Dominic jerked away from her, angry that she’d already guessed his intentions. “Whose side are you on?” he said. His throat felt raw from shouting, and the roar made his head ache. He yelled, “This situation is destabilizing the markets, and we’re here to shut it down. Am I right or wrong? Tell me now.”
She shoo
k her head and put her mouth to his ear again. “How close are we to the ship’s boil line? I don’t want those current mills to suck us in.”
Dominic glanced at the water. Their raft was drifting a good hundred meters from the factory’s booming wake, safe for now. He shouted, “You’re changing the subject.”
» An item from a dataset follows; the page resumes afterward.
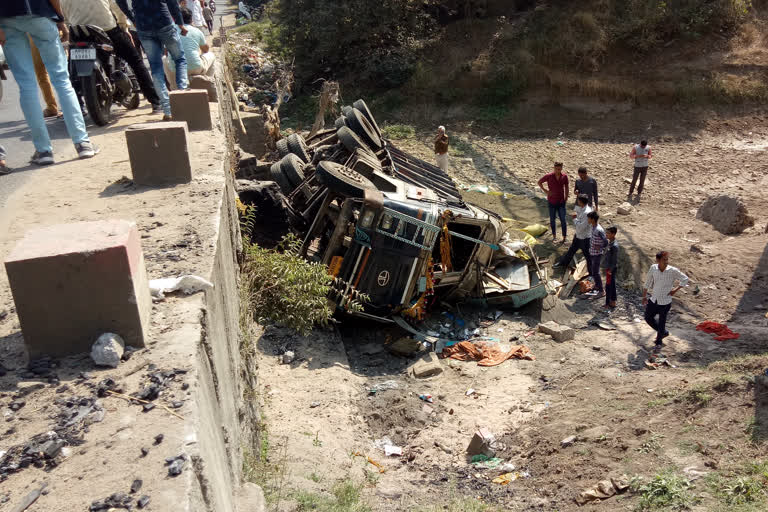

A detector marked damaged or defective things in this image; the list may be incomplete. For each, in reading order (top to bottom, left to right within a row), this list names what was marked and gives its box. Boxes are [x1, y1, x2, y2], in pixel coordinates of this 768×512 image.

overturned truck [237, 99, 548, 324]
He felt a sharp tug at the back of his waistband. The naked boy was standing beside him, balancing on the raft’s edge and pointing into the water. Beneath them, the ocean suddenly lifted in a mighty swell, and Dominic grabbed the boy to keep him from falling overboard. All around, water welled up and doused them with filthy spray as a decrepit metal sphere popped up beside their raft like a toy balloon. It was a bathysphere, old and dented, a submersible shuttle craft of the type used for short runs to and from an undersea facility. Dominic saw plainly where the Benthica logo had been scraped off.
“Our taxi has arrived,” Qi shouted over the roar. “Benito, help your grandmother.”
The boy squirmed out of Dominic’s arms and scampered over the barrels.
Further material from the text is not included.